Diverticulitis is the result of microscopic and macroscopic perforations of the diverticular wall. Previously, practitioners thought that obstruction of colonic diverticulum with fecaliths led to increased pressure within the diverticulum and subsequent perforation. They now theorized that increased luminal pressure is due to food particles that lead to erosion of the diverticular wall. This causes focal inflammation and necrosis of the region, causing perforation. Surrounding mesenteric fat may easily contain micro-perforations. This can result in local abscess formation, fistulization of adjacent organs, or intestinal obstruction. Ultimately, frank bowel wall perforations can lead to peritonitis and death without rapid diagnosis and treatment. [7]

How accurate is a CT scan for diverticulitis?

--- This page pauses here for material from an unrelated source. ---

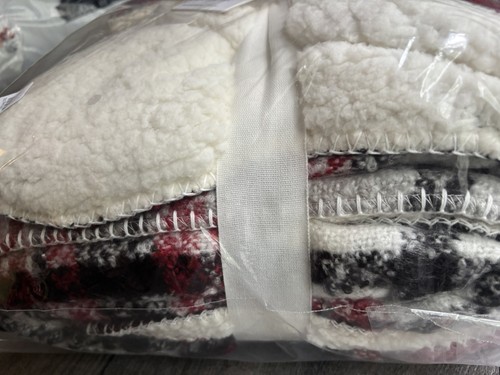 Pottery Barn Lodge Plaid Sherpa Backed Throw 50” X 60” Red/Black/White New - Picture 6 of 6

Diagnosis of acute diverticulitis can be made clinically based on history and physical examination alone. However, clinical diagnosis can be inaccurate in 24% to 68% of cases. Hence, laboratory and radiological tests play an important role in the accurate diagnosis of acute diverticulitis. Laboratory tests may show leukocytosis and elevation of acute phase reactants such as erythrocyte sedimentation rate (ESR) and C-reactive protein (CRP). The radiological test of choice for acute diverticulitis is CT of the abdomen and pelvis, preferably with water-soluble oral or rectal (if significant nausea and vomiting) contrast and intravenous contrast provided there be no contraindications. The sensitivity, specificity, and negative predictive value of a CT scan have been reported as greater than 97%. Typical findings of acute diverticulitis in CT scans include bowel wall thickening, pericolic fat stranding, pericolic fluid, and small abscesses confined to the colonic wall as well as contrast extravasation, indicating intramural sinus and fistula formation. [8]

How many people die from diverticulitis?

Complicated diverticulitis requiring surgery may lead to death in approximately 5% of patients. Perforation of the bowel with resulting peritonitis increases the risk of death to 20%.

What is the most common fistula in diverticulitis?

The most common fistula is colovesicular fistula which occurs in about 65% of cases. Fecaluria is pathognomonic for colovesicular fistula. Surgical repair of the fistula with primary anastomosis is the treatment of choice. Colovaginal, coloenteric, colouterine, colourethral, and colocutaneous are other possible fistulae seen in acute complicated diverticulitis.

Can diverticulitis recur?

Many cases studies reveal that the majority of patients treated for acute diverticulitis do not have a recurrence after initial medical treatment. However, in patients with recurrence, surgical excision of the diseased bowel is recommended, especially in patients over the age of 50. (Level V) Finally, the decision to perform laparoscopic or open surgery for managing acute diverticulitis remains debatable. One study showed no difference in postoperative morbidity between the two. [2][14](Level III) Randomized clinical studies are needed to determine which surgery and what type of surgery is ideal for patients with acute diverticulitis.